| TASK GOAL |
Transcribe the entries below exactly, starting with the line that has "ALS-ST005A Hospital hydraulic" and stopping after the line that has "Image similar to"; no pictures belong in the copy.

| RECORD EXCERPTS |
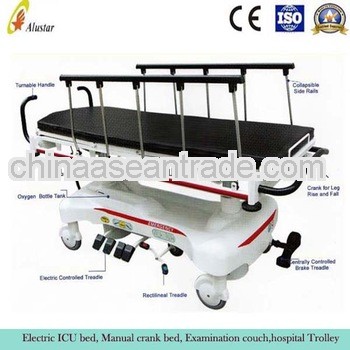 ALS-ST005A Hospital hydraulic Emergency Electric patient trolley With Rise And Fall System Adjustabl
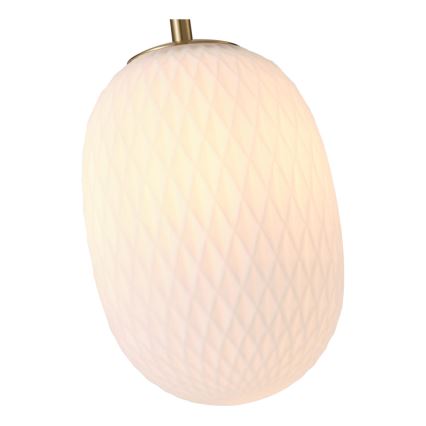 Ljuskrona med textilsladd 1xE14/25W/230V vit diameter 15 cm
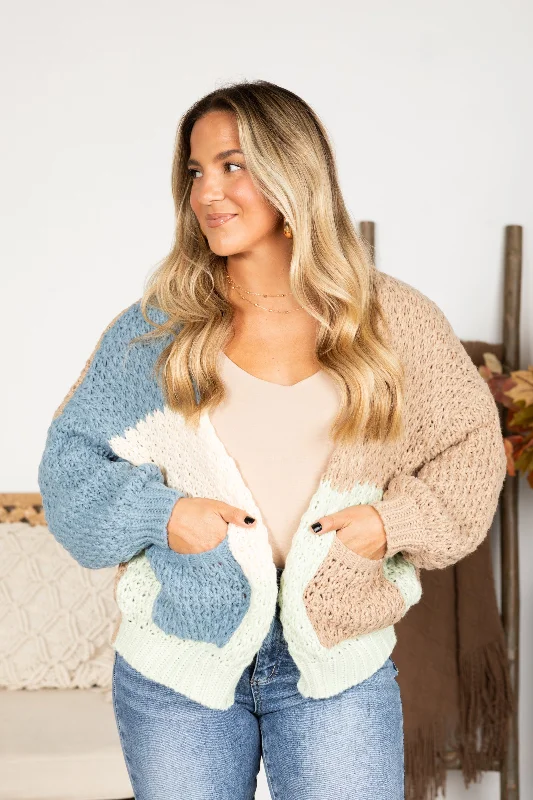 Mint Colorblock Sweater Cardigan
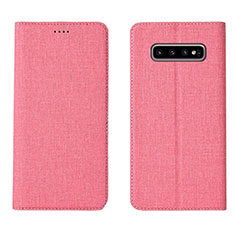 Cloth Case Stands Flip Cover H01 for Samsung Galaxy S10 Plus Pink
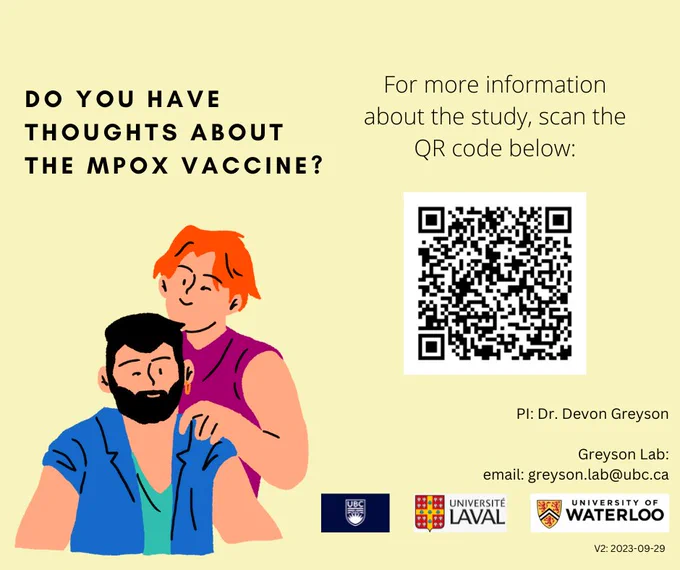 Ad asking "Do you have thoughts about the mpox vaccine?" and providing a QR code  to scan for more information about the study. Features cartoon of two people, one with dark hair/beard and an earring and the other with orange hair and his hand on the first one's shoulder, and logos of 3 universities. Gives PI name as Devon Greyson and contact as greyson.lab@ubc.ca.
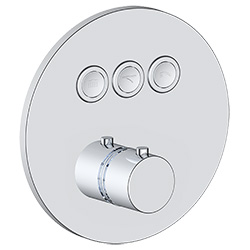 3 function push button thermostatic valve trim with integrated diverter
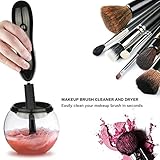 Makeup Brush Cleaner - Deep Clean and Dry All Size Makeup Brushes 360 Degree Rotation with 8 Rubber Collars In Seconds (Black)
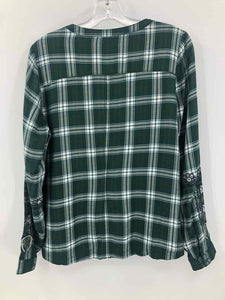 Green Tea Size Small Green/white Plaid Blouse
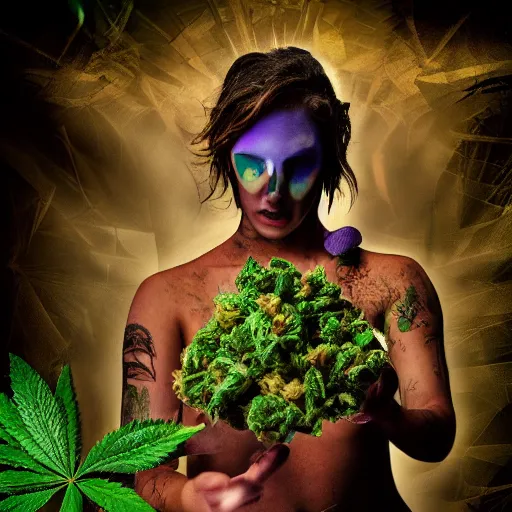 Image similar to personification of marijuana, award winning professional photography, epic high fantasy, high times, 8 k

...

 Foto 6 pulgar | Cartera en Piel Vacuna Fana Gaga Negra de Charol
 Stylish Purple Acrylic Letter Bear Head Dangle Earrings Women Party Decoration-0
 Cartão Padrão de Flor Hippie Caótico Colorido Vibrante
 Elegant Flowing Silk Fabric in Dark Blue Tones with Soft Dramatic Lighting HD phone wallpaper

---

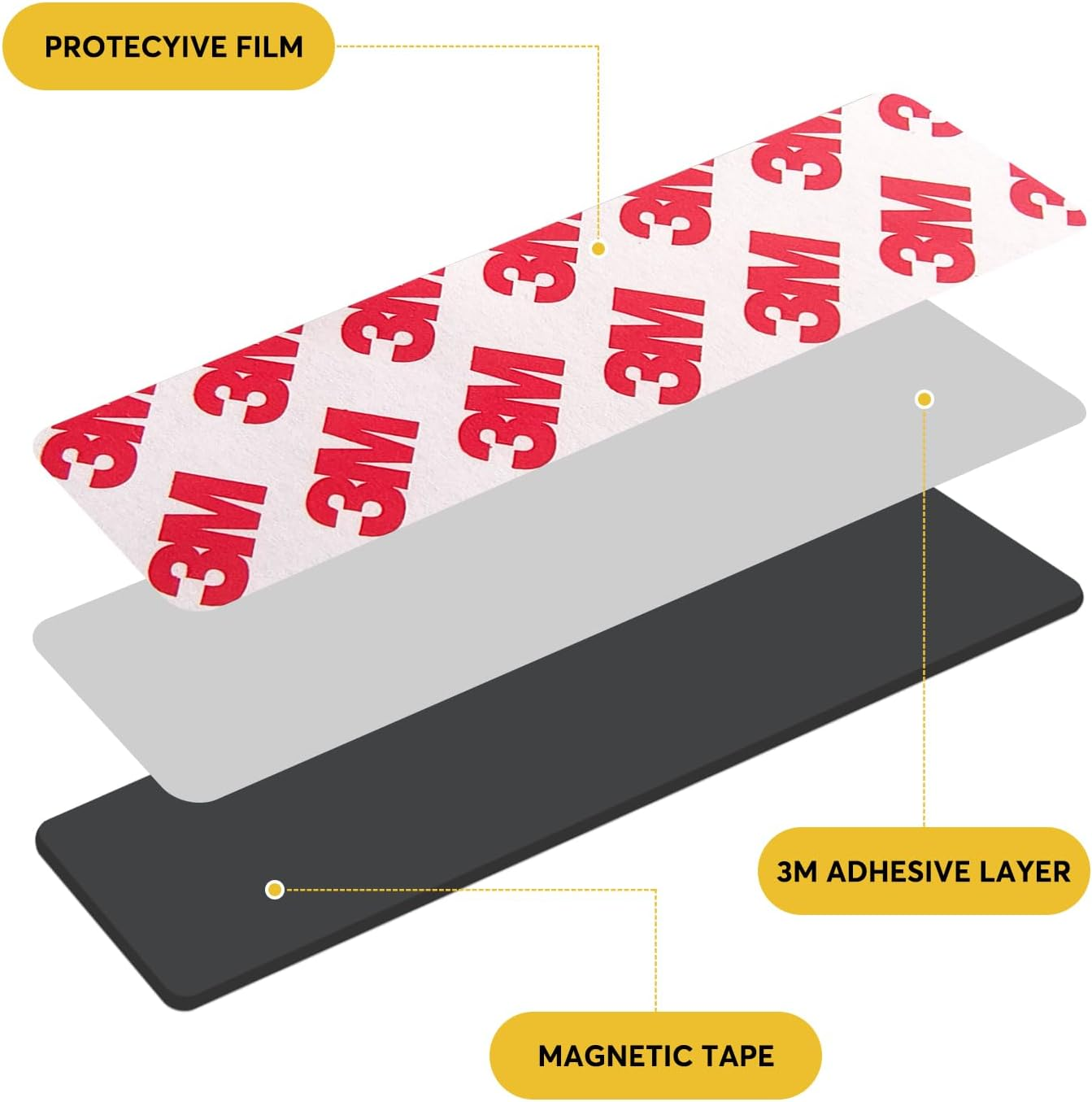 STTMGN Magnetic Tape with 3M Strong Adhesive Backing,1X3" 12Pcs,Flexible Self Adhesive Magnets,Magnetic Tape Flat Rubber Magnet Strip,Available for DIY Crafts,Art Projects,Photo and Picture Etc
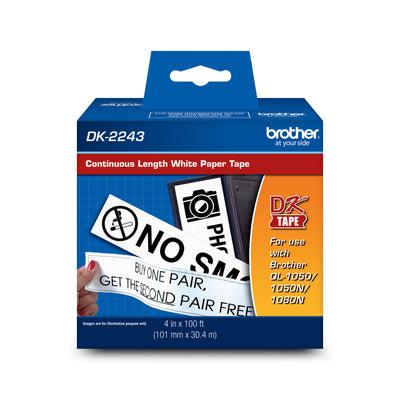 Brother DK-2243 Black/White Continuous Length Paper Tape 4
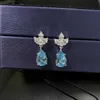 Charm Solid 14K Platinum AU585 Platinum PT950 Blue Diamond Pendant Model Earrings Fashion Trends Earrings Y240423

| OUTPUT OF THE EXERCISE |
 ALS-ST005A Hospital hydraulic Emergency Electric patient trolley With Rise And Fall System Adjustabl
 Ljuskrona med textilsladd 1xE14/25W/230V vit diameter 15 cm
 Mint Colorblock Sweater Cardigan
 Cloth Case Stands Flip Cover H01 for Samsung Galaxy S10 Plus Pink
 Ad asking "Do you have thoughts about the mpox vaccine?" and providing a QR code  to scan for more information about the study. Features cartoon of two people, one with dark hair/beard and an earring and the other with orange hair and his hand on the first one's shoulder, and logos of 3 universities. Gives PI name as Devon Greyson and contact as greyson.lab@ubc.ca.
 3 function push button thermostatic valve trim with integrated diverter
 Makeup Brush Cleaner - Deep Clean and Dry All Size Makeup Brushes 360 Degree Rotation with 8 Rubber Collars In Seconds (Black)
 Green Tea Size Small Green/white Plaid Blouse
 Image similar to personification of marijuana, award winning professional photography, epic high fantasy, high times, 8 k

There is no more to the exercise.